College chiefs urge new debate on drinking age.
Interestingly, it appears that an organization called Amethyst Initiative has been rather stealthily recruiting university and college presidents the past year in an effort to galvanize renewed debate on the Drinking Age. Per the Organization's Statement Page, one could say that the organization is more or less making the typical libertarian argument against the Minimum 21 Drinking Age.
Twenty-one is not working
A culture of dangerous, clandestine “binge-drinking”—often conducted off-campus—has developed.
Alcohol education that mandates abstinence as the only legal option has not resulted in significant constructive behavioral change among our students.
Adults under 21 are deemed capable of voting, signing contracts, serving on juries and enlisting in the military, but are told they are not mature enough to have a beer.
By choosing to use fake IDs, students make ethical compromises that erode respect for the law.
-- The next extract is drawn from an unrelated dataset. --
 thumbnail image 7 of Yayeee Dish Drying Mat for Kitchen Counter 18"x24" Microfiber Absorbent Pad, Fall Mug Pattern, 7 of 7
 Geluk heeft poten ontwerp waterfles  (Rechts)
How many times must we relearn the lessons of prohibition?
We call upon our elected officials:
To support an informed and dispassionate public debate over the effects of the 21 year-old drinking age.
To consider whether the 10% highway fund “incentive” encourages or inhibits that debate.
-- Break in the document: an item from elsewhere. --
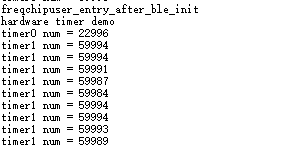 Timer Log Obtained via a Serial Port Tool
To invite new ideas about the best ways to prepare young adults to make responsible decisions about alcohol.
We pledge ourselves and our institutions to playing a vigorous, constructive role as these critical discussions unfold.
Not surprisingly--now that this organizational effort has become public--MADD is engaging in full battle mode, evidenced by their new splash page on their website.
This should be an interesting battle if it actually transpires. I consider MADD to be a social conservative, neo-Prohibitionist organization that seeks to legislatively implement a de facto prohibitionary ban of alcohol(through decreasing BAC down to levels that would make any public consumption of alcohol a crime and utilizing police state tactics to enforce it). One thing to keep in mind is that defining BAC level itself as a crime extends beyond DWI enforcement. The Texas Alcohol Beverage Commission made news a few years ago when it began Statewide sweeping of bars and hotels and arresting anyone who had a BAC over .08. This was fully supported by MADD. It did, however, spark, a fairly significant backlash in Texas because it made national headlines and threatened the Texas Hotel convention business.
I think MADD can be taken if the focus is on prohibition. Unlike Drugs, this issue affects the middle and upper classes, and alcohol has always been the drug of choice for Americans. "Old enough to die in war but not old enough to drink a beer" is no longer a slogan. I think MADD overreaches when they counter with by stating don't send your children to the likes of Colgate, Dartmouth, Duke, Ohio State, Syracuse, Texas A & M, Maryland or Tufts because they won't enforce alcohol laws. I think that overreach can be effectively countered with "our objective is to give our students an education and not a criminal record."